Con tu hermoso libro El azar de los caminos no sólo he realizado un viaje por Europa, más aún, he hecho un viaje por los sentidos. He experimentado un avivamiento del espíritu, maravillado ante el paisaje, ante el lenguaje poético que empleas para describir cada mínima sensación. ¡Qué grato es recorrer los caminos de la mano de un gran escritor y de un hombre sensible ante la belleza que recrea al lector con su universo íntimo! Esperanza Jaramillo García, Bogotá, 16 de diciembre de 2002.
He vuelto a leer algunos capítulos de El azar de los caminos, que me parece ahora más interesante y atractivo, y en el cual regalas al lector, aparte de lo básico en historia y geografía, anécdotas hermosas. Es como ir en ese viaje contigo y Astrid y captar a través de tus sentidos la esencia de cada país. En todo el libro haces sentir el amor del uno por el otro, y me gustaría saber si fue ocasional o simplemente iba brotando del alma mientras lo escribías. Beatriz Segura de Martínez de Hoyos, Ciudad de Méjico, 21 de enero de 2002.
En El azar de los caminos, Gustavo Páez Escobar nos regala con la educada visión de uno de esos encuentros, esta vez no solo consigo mismo y con la tierra sino con la historia.

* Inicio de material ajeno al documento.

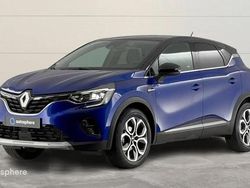 Bleu Utilisé 2020 Renault Captur Intens SUV | 16 799 € (Prix juste)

La misión de este libro: describir lo descubierto por los ojos y la mente del autor. Es de este modo como nos cuenta de sus peripecias y las de su esposa desde la salida de Miami hacia París y los otros países visitados. El azar de los caminos es un festín para los viajeros del corazón. Una excusa para repasar la gran lección de la historia del mundo. Una historia que a lo mejor no hubiera sido posible sin la presencia física y espiritual de Astrid, su esposa de muchos años, o sin la inspiración de los hijos. Gloria Chávez Vásquez, revista Manizales, mayo–junio de 2003.
Cuando me enviaste El azar de los caminos estaba metido en no recuerdo qué tipo de absorbentes lecturas. Así que le eché un vistazo, leí un par de capítulos, vi, que como todo lo tuyo, estaba bien, y te acusé agradecido recibo. Soy un lector caprichoso y nunca quebranto el orden de mis lecturas. Siempre, los libros están uno detrás de otro. Nunca me salto uno. Nunca interrumpo uno para leer el nuevo. Así pasó con tu bellísimo libro de viajes. Pero el condenado libro comenzó a darme guiñadas y a tratar de conquistarme con mimos de muchacha bonita. Hasta que este año no tuve más remedio que agarrarlo y meterle el diente a fondo. Acabo de terminarlo y debo decirte que me encantó. Es fresco, movido y sustancioso. Aporta y recuerda datos muy interesantes. Y, lo mejor de todo, tiene rasgos de ternura y humor muy seductores. ¡Qué bueno para Astrid y para ti que, después de tantos años, siguen fieles, compatibles y enamorados! Déjame elogiarlos, diciéndoles que siento envidia de la buena. Hernando García Mejía, Medellín, 2 de febrero de 2005.